### Task:
All lines below must be repeated exactly, with the pictures omitted.

### Given data:
◆ ◆ ◆ ◆

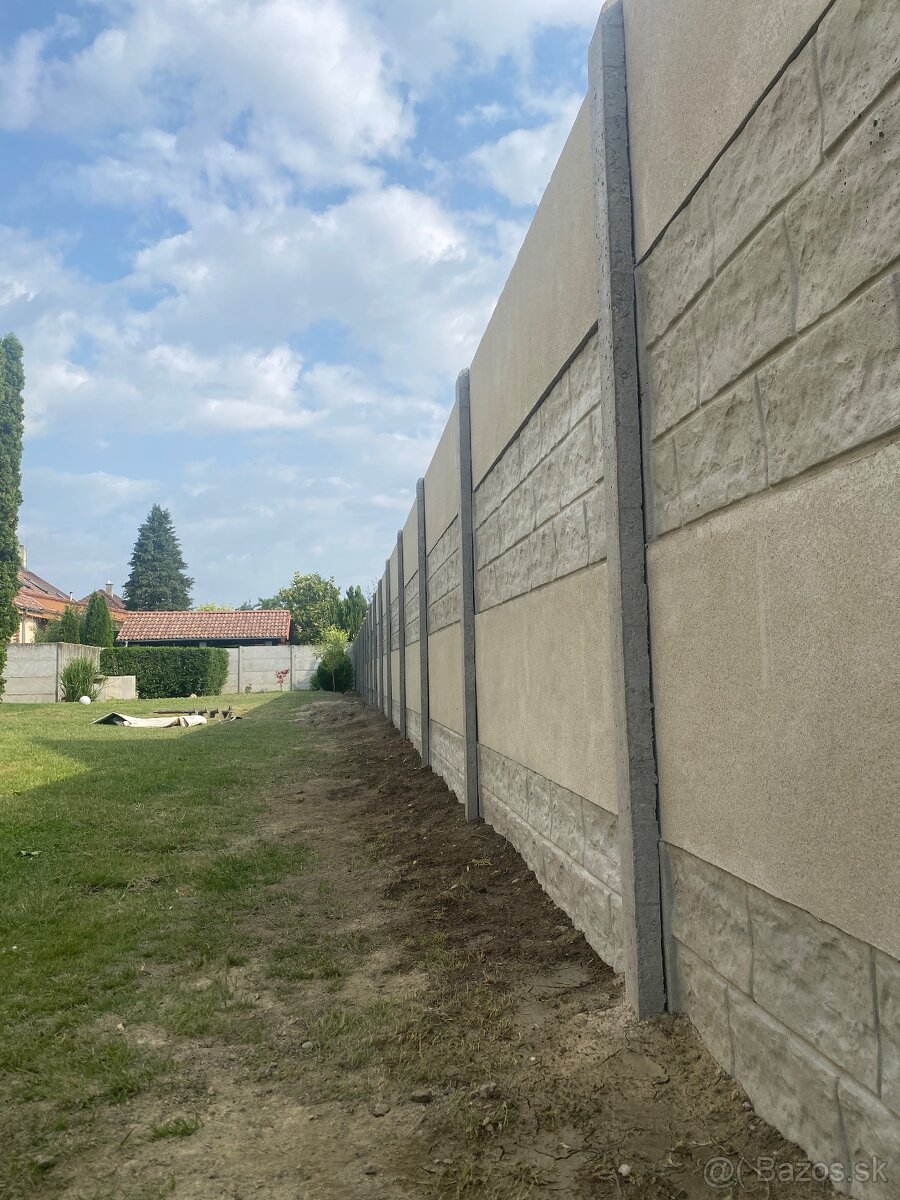 Výroba a predaj betonovych plotov, žump.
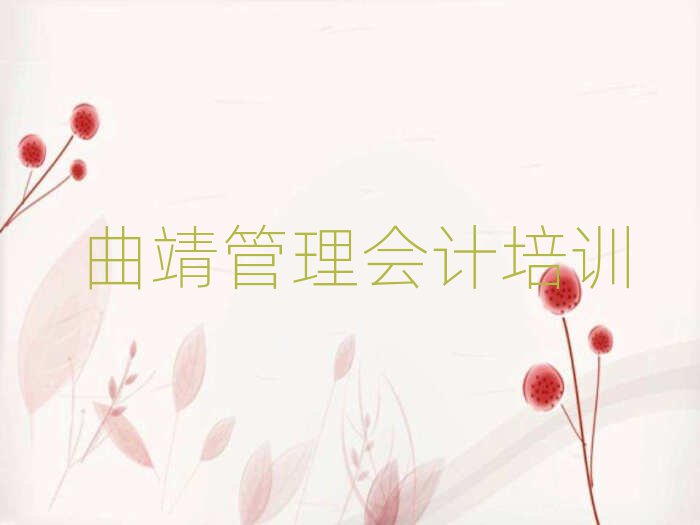 曲靖沾益区正规管理会计培训机构排名前五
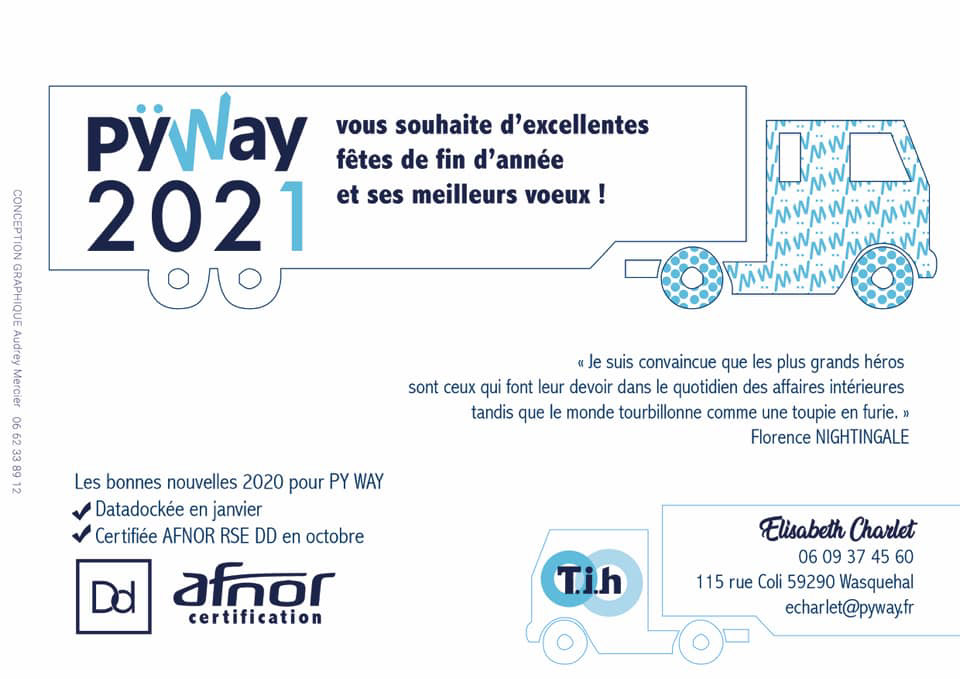 Mise en avant du secteur transport pour la carte 2021 de mon client Pÿ Way - Conseil dans la gestion opérationnelle de l’Entreprise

◆ ◆ ◆ ◆

### Output:
 Výroba a predaj betonovych plotov, žump.
 曲靖沾益区正规管理会计培训机构排名前五
 Mise en avant du secteur transport pour la carte 2021 de mon client Pÿ Way - Conseil dans la gestion opérationnelle de l’Entreprise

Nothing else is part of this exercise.